Exactly as written, output each record given below.

[Information shown — start]

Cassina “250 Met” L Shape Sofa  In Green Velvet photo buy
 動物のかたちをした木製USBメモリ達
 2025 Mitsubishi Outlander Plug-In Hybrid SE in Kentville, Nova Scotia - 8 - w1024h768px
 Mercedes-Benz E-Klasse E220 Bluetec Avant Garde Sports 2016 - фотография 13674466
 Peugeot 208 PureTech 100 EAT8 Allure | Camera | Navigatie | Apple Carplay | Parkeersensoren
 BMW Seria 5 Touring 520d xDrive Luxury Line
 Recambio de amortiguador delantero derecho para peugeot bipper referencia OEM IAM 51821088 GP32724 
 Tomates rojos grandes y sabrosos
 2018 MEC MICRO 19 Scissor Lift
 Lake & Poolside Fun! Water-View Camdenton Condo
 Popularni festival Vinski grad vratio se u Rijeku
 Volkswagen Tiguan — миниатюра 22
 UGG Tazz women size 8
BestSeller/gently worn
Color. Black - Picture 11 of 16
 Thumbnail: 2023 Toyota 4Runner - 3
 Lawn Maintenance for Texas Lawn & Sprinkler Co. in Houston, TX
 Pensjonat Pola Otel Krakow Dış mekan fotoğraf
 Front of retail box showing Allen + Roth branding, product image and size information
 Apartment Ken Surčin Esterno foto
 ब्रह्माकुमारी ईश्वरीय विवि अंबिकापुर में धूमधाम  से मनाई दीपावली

[Information shown — finish]

Answer to the exercise ::
Cassina “250 Met” L Shape Sofa  In Green Velvet photo buy
 動物のかたちをした木製USBメモリ達
 2025 Mitsubishi Outlander Plug-In Hybrid SE in Kentville, Nova Scotia - 8 - w1024h768px
 Mercedes-Benz E-Klasse E220 Bluetec Avant Garde Sports 2016 - фотография 13674466
 Peugeot 208 PureTech 100 EAT8 Allure | Camera | Navigatie | Apple Carplay | Parkeersensoren
 BMW Seria 5 Touring 520d xDrive Luxury Line
 Recambio de amortiguador delantero derecho para peugeot bipper referencia OEM IAM 51821088 GP32724 
 Tomates rojos grandes y sabrosos
 2018 MEC MICRO 19 Scissor Lift
 Lake & Poolside Fun! Water-View Camdenton Condo
 Popularni festival Vinski grad vratio se u Rijeku
 Volkswagen Tiguan — миниатюра 22
 UGG Tazz women size 8
BestSeller/gently worn
Color. Black - Picture 11 of 16
 Thumbnail: 2023 Toyota 4Runner - 3
 Lawn Maintenance for Texas Lawn & Sprinkler Co. in Houston, TX
 Pensjonat Pola Otel Krakow Dış mekan fotoğraf
 Front of retail box showing Allen + Roth branding, product image and size information
 Apartment Ken Surčin Esterno foto
 ब्रह्माकुमारी ईश्वरीय विवि अंबिकापुर में धूमधाम  से मनाई दीपावली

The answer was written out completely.